Los terratenientes tienen una serie de privilegios fiscales en la región. Según el estudio aquí utilizado, los impuestos sobre la propiedad de la tierra suelen ser irrisorios debido a tres razones. En primer lugar, “los valores catastrales suelen estar muy por debajo del valor real de mercado y no se actualizan con suficiente frecuencia”. En segundo lugar, “las tasas con que se marca la propiedad rural suelen ser muy bajas y regresivas”. Y tercero, “los gobiernos locales […] a menudo están bajo el control de las élites locales que son propietarias de tierra, que pueden bloquear la aplicación de sistemas impositivos más justos y eficientes”.
Esto contribuye a la improductividad del latifundio y al mantenimiento del carácter especulativo de la tierra, además de negar al acceso a la tierra a millones de campesinos, indígenas y comunidades afrodescendientes.
La democratización de la tierra significa una mejor distribución de los recursos, generando más empleos en las áreas rurales, distribuyendo mejor la riqueza y, por lo tanto, contribuyendo significativamente a reducir la pobreza y las desigualdades. Las pequeñas producciones pueden ser más productivas por hectárea que las grandes cuando existen las condiciones adecuadas.
Al analizar el desarrollo de las estructuras agrarias de los países latinoamericanos, Oxfam destaca que ningún proceso de reforma agraria ha logrado una transformación profunda y duradera de la propiedad de la tierra. Se citan las experiencias de México (década de 1910), Perú (1969), Nicaragua (década de 1980), Bolivia (1953-1954), Paraguay (1963), Brasil (a partir de 1985), Guatemala (1996) y El Salvador (1992).
En México, la reforma agraria, fruto de un proceso revolucionario basado en el lema “tierra para quien en ella vive y trabaja”, realizó a lo largo de la década de 1910 la expropiación de latifundios y la entrega de las tierras a la población, conformándose los ejidos – propiedad colectiva, intransferible, inalienable e innegociable – y comunidades campesinas, en las que la propiedad era estatal. Sin embargo, a lo largo de las décadas siguientes, los avances obtenidos fueron siendo gradualmente removidos. En 1992, los ejidos pasan a ser vendidos. En 2007, el 1% de las grandes explotaciones concentraba el 56,02% de las tierras, mientras que el 99% restante concentraba el 43,98%.
En el Perú, el gerenciamiento militar fascista de Juan Velasco Alvarado (1968-1975), que llegó a la cabeza del viejo Estado tras un golpe en octubre de 1968, distribuyó entre 1969 y 1975 10 millones de hectáreas de tierras expropiadas del latifundio a los trabajadores.

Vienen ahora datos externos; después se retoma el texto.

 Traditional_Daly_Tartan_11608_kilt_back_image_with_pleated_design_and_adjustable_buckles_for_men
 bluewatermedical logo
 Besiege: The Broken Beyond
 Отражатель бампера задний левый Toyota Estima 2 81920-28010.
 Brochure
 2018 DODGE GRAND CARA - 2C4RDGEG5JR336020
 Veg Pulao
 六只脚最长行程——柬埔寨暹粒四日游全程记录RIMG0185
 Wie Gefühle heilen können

En las décadas siguientes ocurrió una reconcentración de la tierra en manos de los terratenientes (latifundistas).
En Nicaragua, entre 1979 y 1990, los gerenciamientos del Frente Sandinista de Liberación Nacional (FSLN) redistribuyeron el 25% de las tierras del país a empresas estatales, cooperativas y familias campesinas. En la década de 1990, gran parte de las cooperativas habían desaparecido. En 2014, las pequeñas propiedades, que eran el 70,8% del total de las explotaciones agropecuarias, ocupaban apenas el 10,7% de las tierras. Por otro lado, el 1% de las grandes explotaciones concentraban el 24,63% de las tierras.
En Bolivia (1953-1954), las tierras entregadas por el viejo Estado nunca llegaron a las manos de aquellos que en ella viven y trabajan. Sólo el 8% de las tierras fueron distribuidas a campesinos y pequeños propietarios durante las décadas de reforma agraria.

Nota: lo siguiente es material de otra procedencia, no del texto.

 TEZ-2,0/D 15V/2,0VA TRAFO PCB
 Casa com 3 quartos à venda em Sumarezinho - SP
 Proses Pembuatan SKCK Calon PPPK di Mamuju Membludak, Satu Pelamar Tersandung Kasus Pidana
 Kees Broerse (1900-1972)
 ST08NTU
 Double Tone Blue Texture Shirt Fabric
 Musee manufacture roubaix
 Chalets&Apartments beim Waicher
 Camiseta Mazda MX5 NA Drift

En Paraguay, el régimen militar fascista de Alfredo Stroessner (1954-1989), realizó una “reforma agraria” que distribuyó tierras a grandes empresarios, políticos, militares y funcionarios de alto rango en los órganos del viejo Estado. En ese período, éstos recibieron cerca de siete millones de hectáreas de tierras, siendo el 64% vía “reforma agraria”.
En Brasil, según los datos del Instituto Nacional de Colonización y Reforma Agraria (INCRA), el gerente Sarney (1985-1989) asentó 89.950 familias; Fernando Collor e Itamar Franco (1990-1994) asentaron a 60.188 familias; La gestión FHC / PSDB (1995-2002) 540.704 familias; Lula / PT (2003-2010) 614.088 familias; Y Dilma / PT en el primer mandato 107.354 familias. Sin embargo, los números del INCRA son incoherentes. Según el artículo de Ariovaldo Umbelino de Oliveira, los gerenciamientos de Lula asentaron 215 mil familias y Dilma en el primer mandato 31 mil familias. Números exiguos frente a la demanda nacional.

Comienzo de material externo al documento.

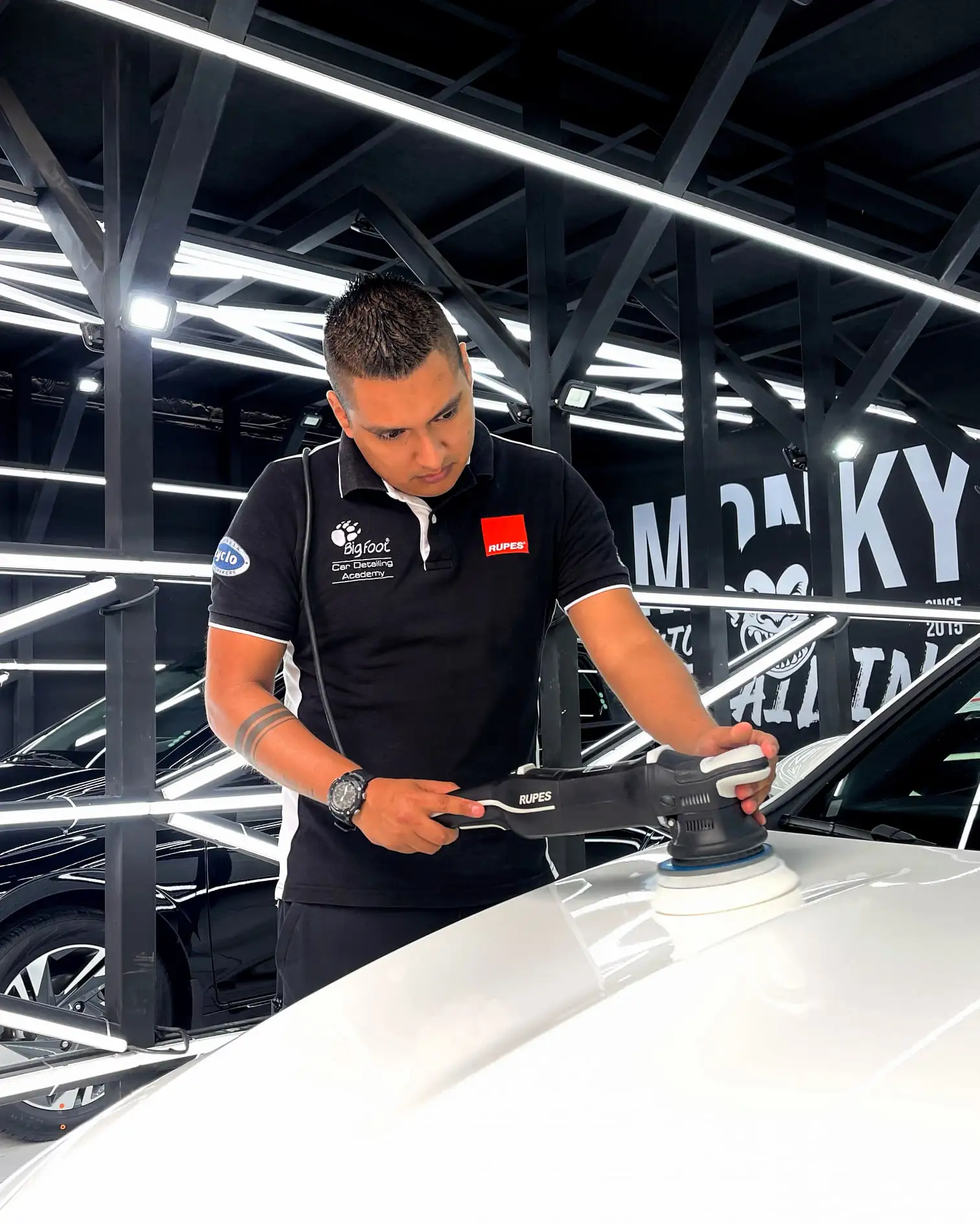 Monky Auto Detailing- Gallery photo 1
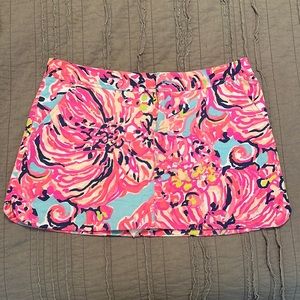 Lilly Pulitzer Skort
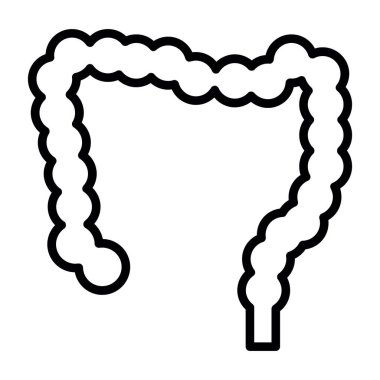 İnsan anatomisi simgesi, özet biçimi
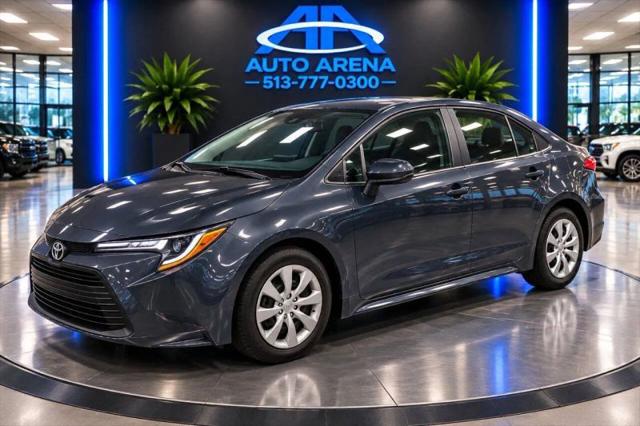 2025 Toyota Corolla LE for sale near Fairfield, OH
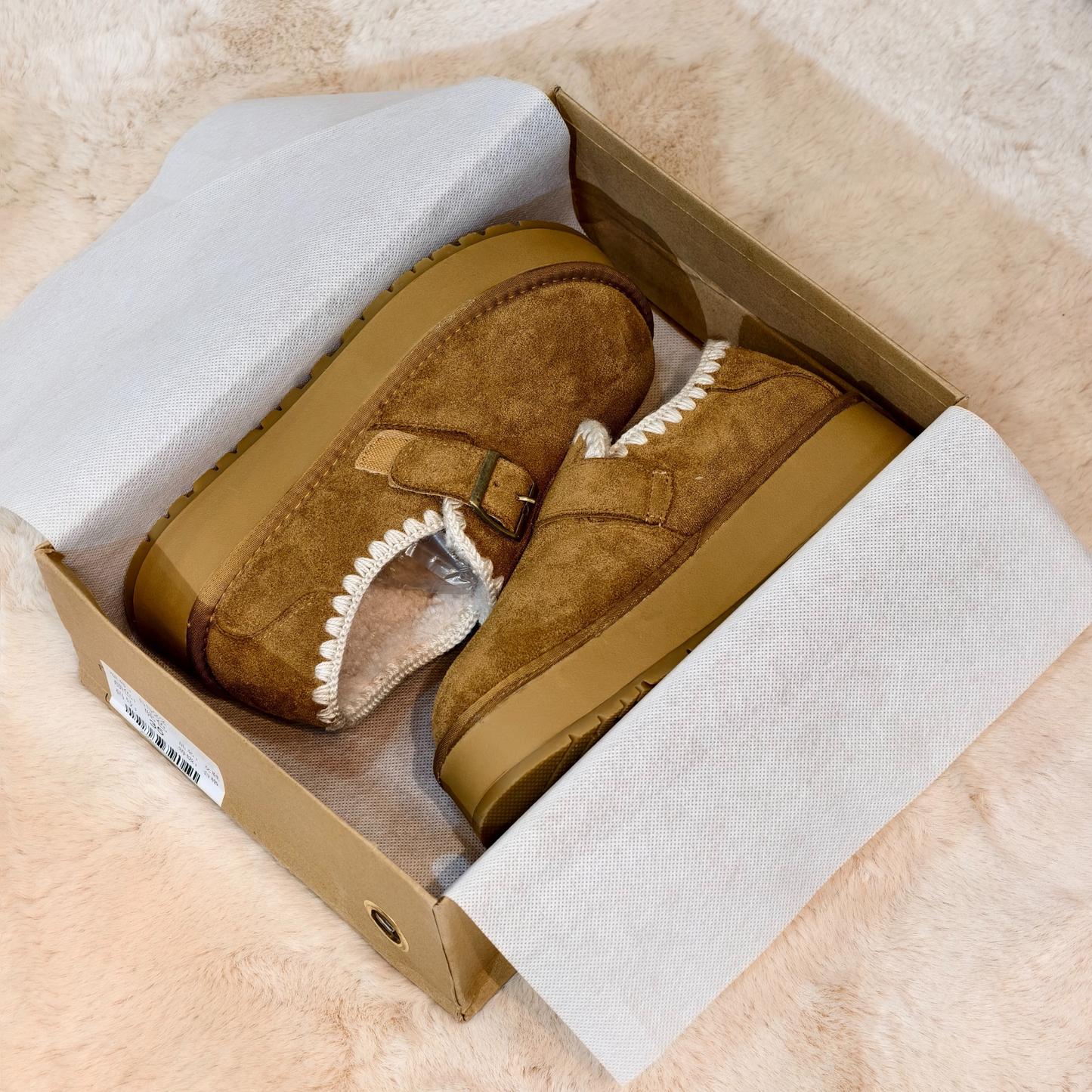 Urban Furr Classic Loafers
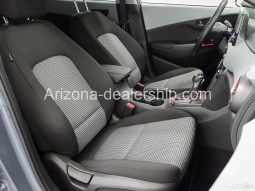 2019 Hyundai Kona SEL full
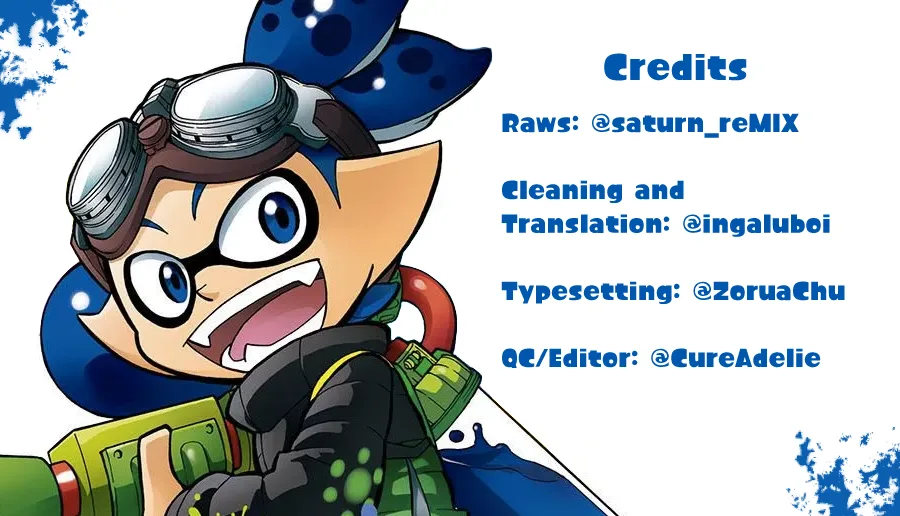 Splatoon - Capítulo 11.5 - Página 9 - LectorTMOo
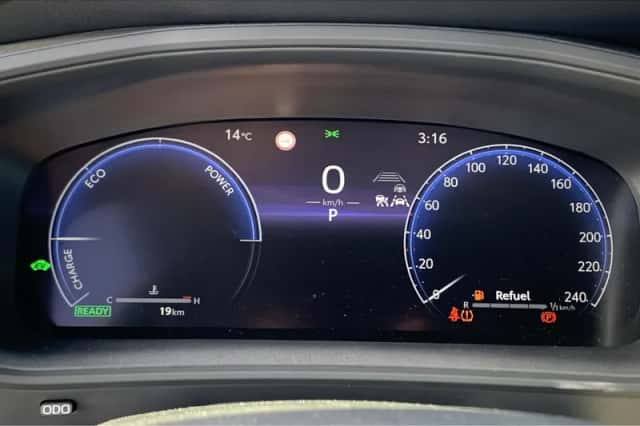 Toyota Corolla (2026) thumbnail 16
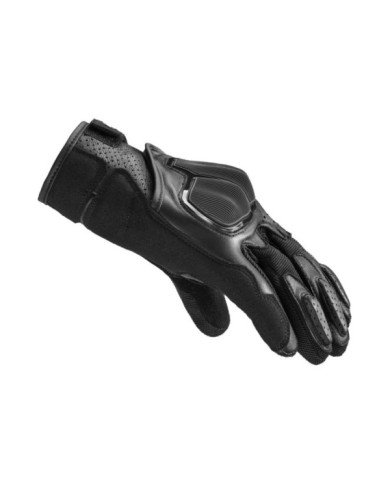 SPIDI Handschuhe NKD schwarz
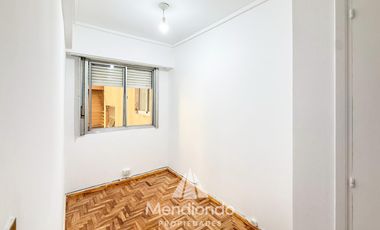 Departamento 2 AMB C/DEPENDENCIA Y BALCON A LA CALLE!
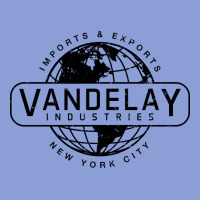 Vandelay Nyc Long Sleeve Tee | Teevron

En El Salvador y Guatemala, los “acuerdos de paz”, firmados respectivamente en 1992 y 1996, tenían como clausulas la reversión de una de las causas estructurales de las guerras civiles, la extrema concentración de la tierra en manos de los terratenientes. Dos décadas después, prácticamente nada cambió en la estructura agraria de esos dos países de Centroamérica. En El Salvador, el latifundio concentraba el 28,6% de las tierras, mientras que en Guatemala el 47,96%.
Se debe hacer un paréntesis para registrar que el “acuerdo de paz” entre el viejo Estado colombiano y las FARC también trae como uno de los puntos de la negociación la distribución de la tierra. En el “acuerdo” se habla de una “reforma rural integral”, con la regularización de las pequeñas y medianas propiedades rurales.
En países como Bolivia, Brasil y Ecuador, la Constitución permite al viejo Estado expropiar tierras que no cumplan su función social. Sin embargo, el “sacrosanto” derecho a la propiedad privada está por encima del derecho colectivo, el interés particular por sobre el interés general. “Es mucho más probable que una comunidad sea desalojada para dar paso a una industria extractiva a que un terrateniente sea expropiado para distribuir la tierra entre familias campesinas”, subraya Oxfam.
Estos ejemplos ilustran que el poder latifundista ha impuesto toda su influencia para bloquear o revertir los avances redistributivos que lograron algunos procesos de reforma agraria, principalmente aquellos frutos de luchas armadas.
“Transformar las estructuras de propiedad de la tierra significa enfrentar el poder y alterar un orden social que está enraizado en una cultura que es más cercana al feudalismo que a una democracia moderna donde se menosprecia, explota y discrimina a las personas que trabajan la tierra” dice el estudio.
El estudio de Oxfam permite verificar que Brasil no es el único país de la región en el que la demarcación de las tierras indígenas está prácticamente paralizada.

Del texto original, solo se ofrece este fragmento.